With the pictures left out, copy the records below exactly from the first line down to the line holding "Ash, Oak Solid", and include that line.

- - - - -

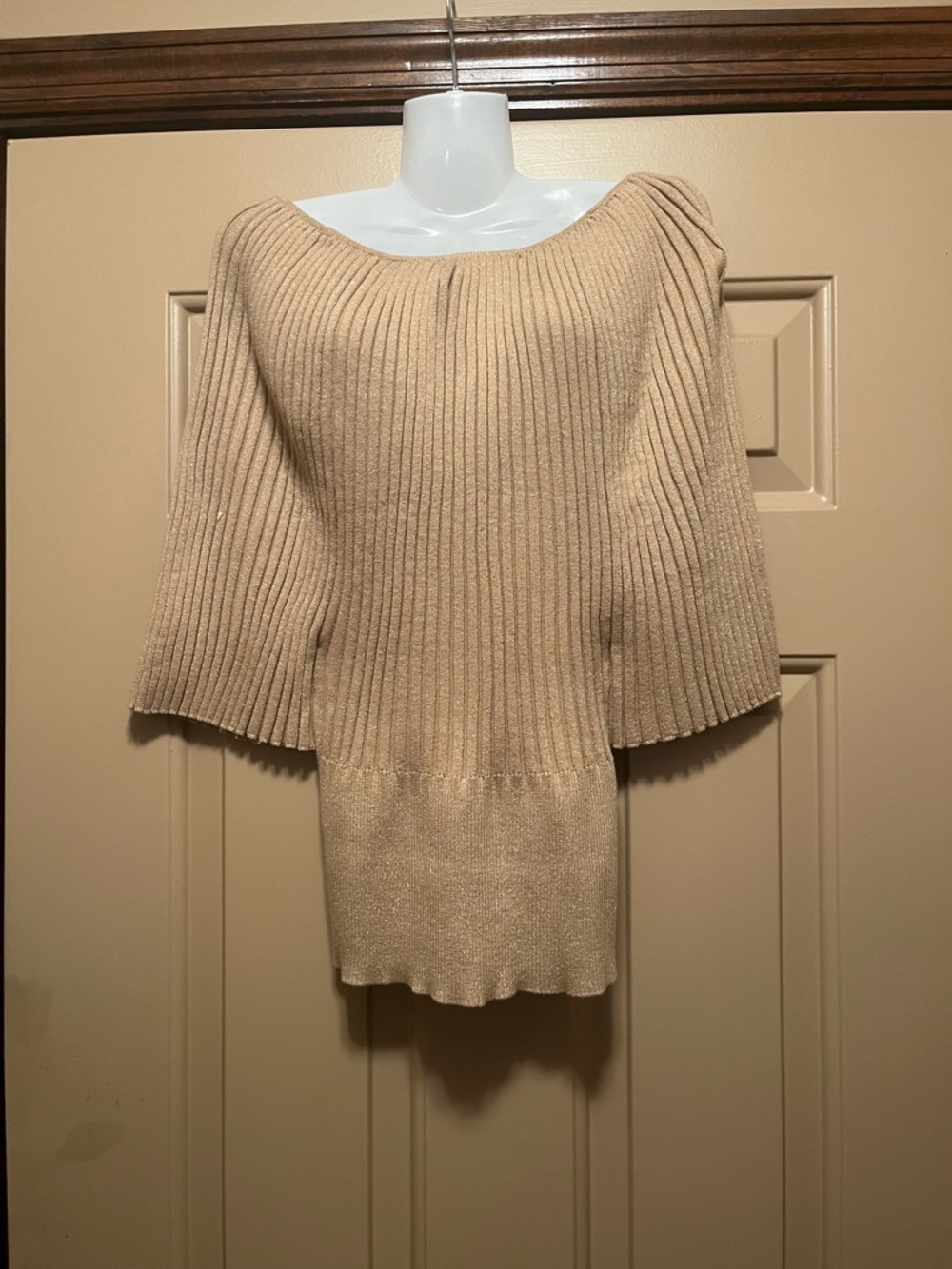 Roz & Ali Beige Off-the-Shoulder Ribbed Sweater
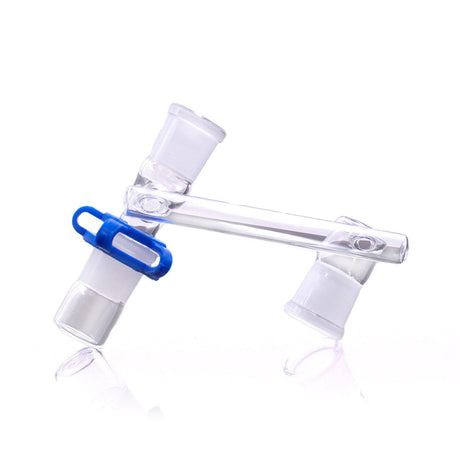 The Stash Shack 90 Degree Dropdown Reclaim Catcher Adapter, Female 18mm, Clear Glass with Blue Clip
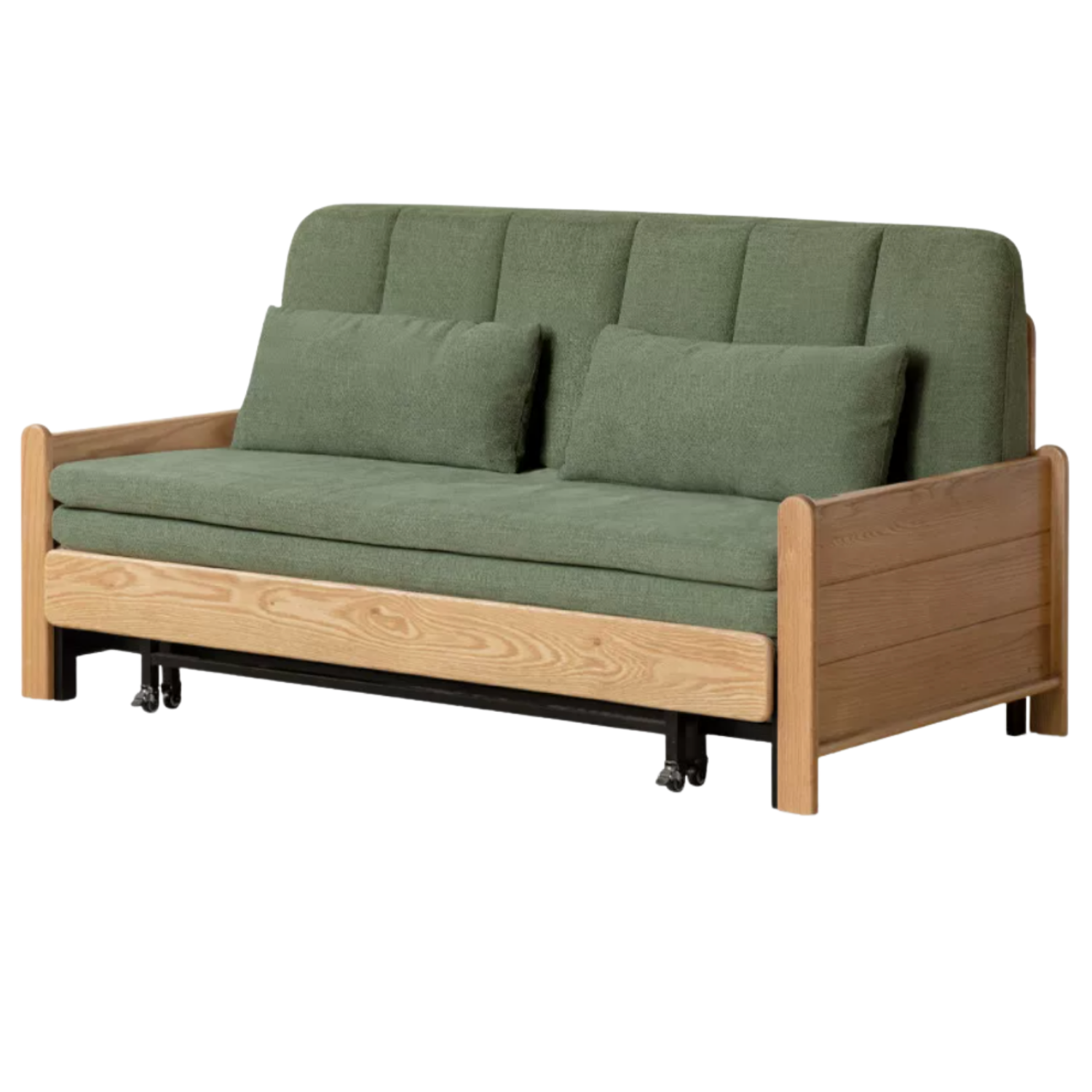 Ash, Oak Solid Wood Sleeper Sofa with Solid Wood Armrests and Built-In Wheels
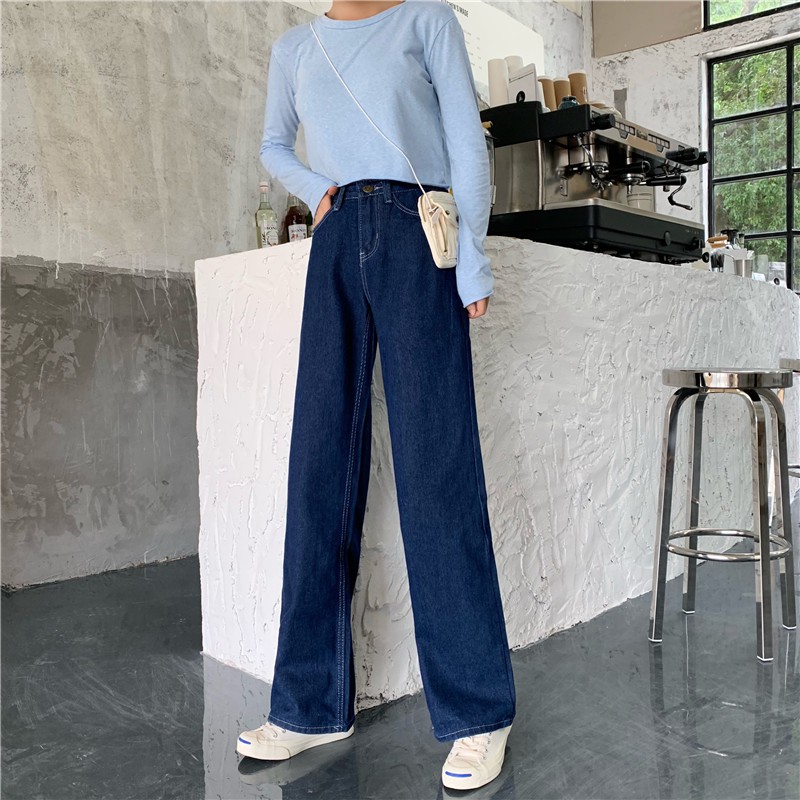 Xiaozhainv Quần jean lưng cao ống suông phong cách retro thời trang cho nữ | BigBuy360 - bigbuy360.vn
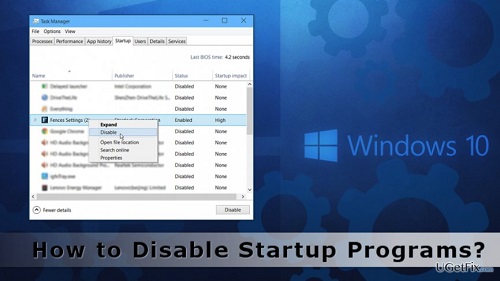 disable startup programs windows 10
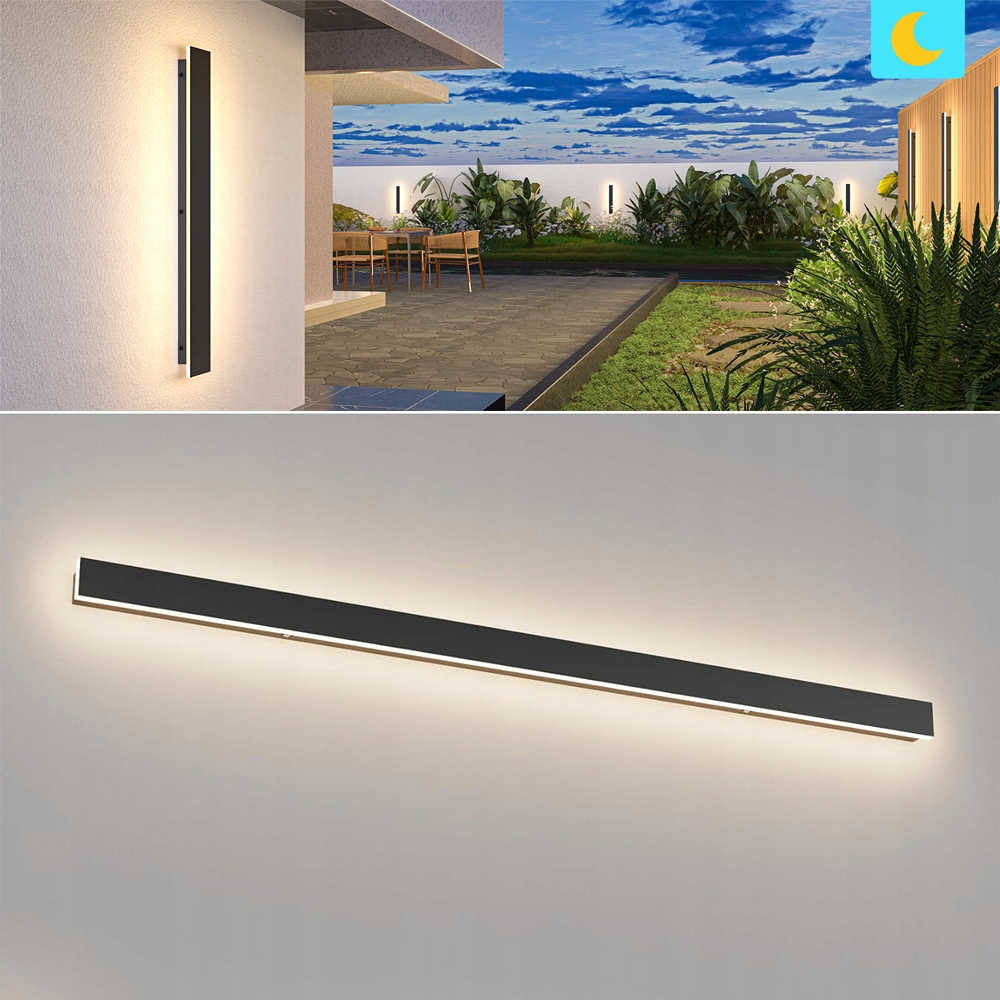 Dlouhá Led Nástěnná Lampa, Voděodolné Venkovní Nástěnné Osvětlení, Černá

- - - - -

■ Your response ■
 Roz & Ali Beige Off-the-Shoulder Ribbed Sweater
 The Stash Shack 90 Degree Dropdown Reclaim Catcher Adapter, Female 18mm, Clear Glass with Blue Clip
 Ash, Oak Solid Wood Sleeper Sofa with Solid Wood Armrests and Built-In Wheels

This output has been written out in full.